Dans un tel contexte, la mobilisation citoyenne pour la préservation des biens et des services publics est incontournable. Cette dernière ne peut s’appuyer que sur une information claire. Ce dossier de la revue À bâbord !, sans être exhaustif, n’en est pas moins un pas important dans la conscientisation.
L’offensive des PPP a été précédée d’une mise en condition idéologique de la population : au Québec, les dépenses publiques seraient plus élevées qu’ailleurs, elles augmenteraient plus rapidement que les revenus et les impôts seraient un frein au développement économique. Le chantage à la délocalisation est également à ranger dans cet arsenal propagandiste des grandes entreprises internationales. D’un côté, on force de plus en plus les travailleuses et travailleurs à accepter des salaires moindres et des conditions de travail plus difficiles, pendant que de l’autre on les force à payer une plus grande part des dépenses collectives en transformant les impôts en tarifs. Nos gouvernements adhèrent complètement à ce discours et ces pratiques, soit par ignorance crasse soit parce qu’ils ne sont que les marionnettes de ces pouvoirs réels derrière le pouvoir politique apparent.

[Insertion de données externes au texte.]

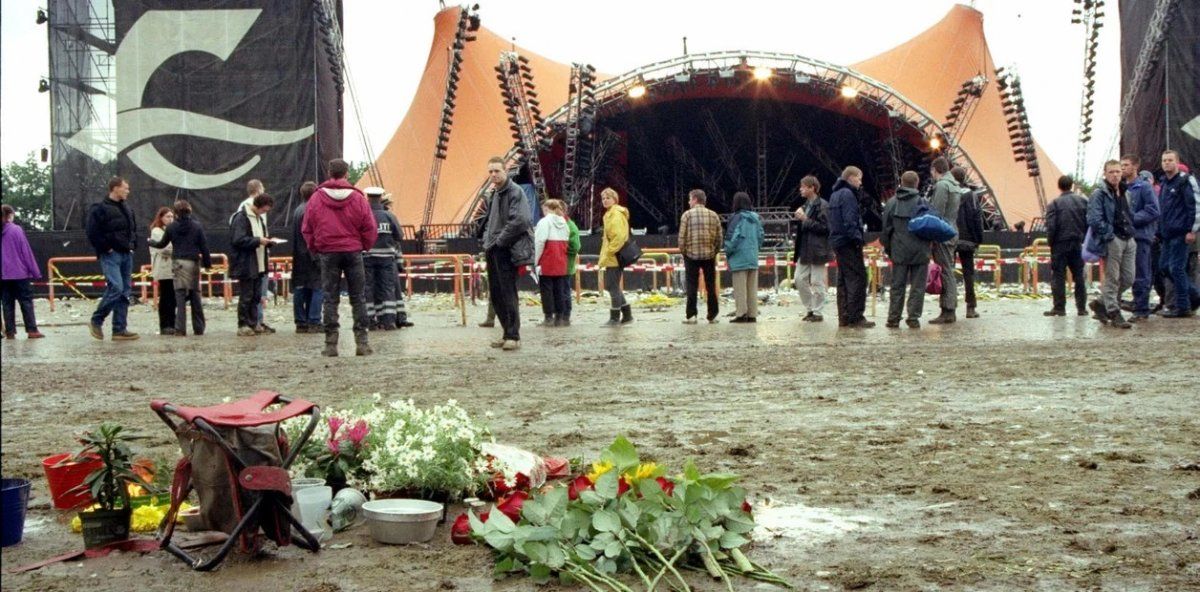 Aunque la tragedia ocurri&oacute; durante la actuaci&oacute;n de Pearl Jam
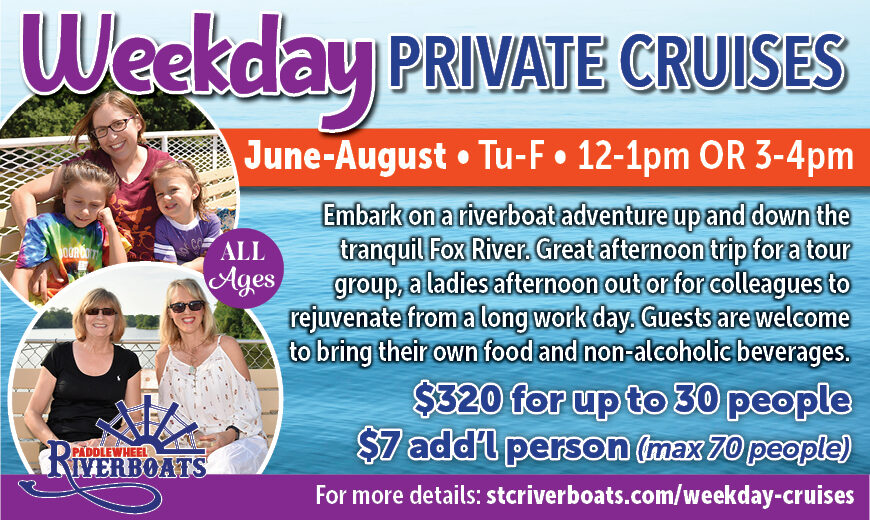 Private Weekday Cruises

Il faut déconstruire ce discours et démontrer que la « réingénierie » – et au premier chef les PPP – constitue une nouvelle offensive des entreprises pour s’approprier les ressources collectives et les biens publics. Ils forment également une façon de généraliser une imposition régressive en augmentant le coût des services publics.
La mobilisation citoyenne implique aussi de raffiner notre expertise à l’égard des PPP. Quelle est la nature juridique de ces contrats, quels sont les coûts réels reliés au projet, les conditions faites aux partenaires privés, l’échéancier de réalisation et d’exploitation des projets ? En d’autres mots, débusquer tous les aspects cachés afin de savoir s’il s’agit uniquement d’un contrat de construction d’une école, d’un hôpital ou d’une bibliothèque, ou encore d’un contrat d’exploitation par un tiers privé ou si, ultimement, il s’agit de copropriété ou encore d’une cession de biens publics à l’entreprise privée. Bref, veiller à ce que le gouvernement ne soit pas engagé dans une grande braderie des biens collectifs et à ce que la raison économique ne l’emporte pas sur la préservation du bien commun.
La préservation des biens et des services publics est exigeante. Ce gouvernement se comporte en propriétaire des biens collectifs nationaux alors qu’il n’en est que le gestionnaire. Comme le signale Dorval Brunelle, « ce sont des peuples ou ce sont des nations qui détiennent la propriété des richesses naturelles, des lacs et des rivières, des biens collectifs et des patrimoines, les gouvernements n’en sont que les gestionnaires. Ils n’ont pas le droit de les aliéner [2]. »
C’est donc sur nous que repose la bataille contre la privatisation de l’État québécois. Celle-ci est loin d’être perdue. À preuve, devant la grogne populaire, le gouvernement a dû reculer sur certains projets. Il doit reculer encore plus et remettre à l’agenda politique de la société québécoise le bien commun, la distribution de la richesse, l’égalité et l’équité sur tout le territoire québécois. Pour nous, la voie est claire. Il faut prendre le maquis et se battre pied à pied pour retarder ou amoindrir les effets catastrophiques de ces politiques.
[1] Gouvernement du Québec, Cadre financier 2004-2005 et 2005-2006 du gouvernement du Québec, Présentation au Comité consultatif dans le cadre de la préparation du Forum national, 26 août 2004, p. 22.
[2] Dorval Brunelle, Dérive globale, Boréal, 2003, p. 197.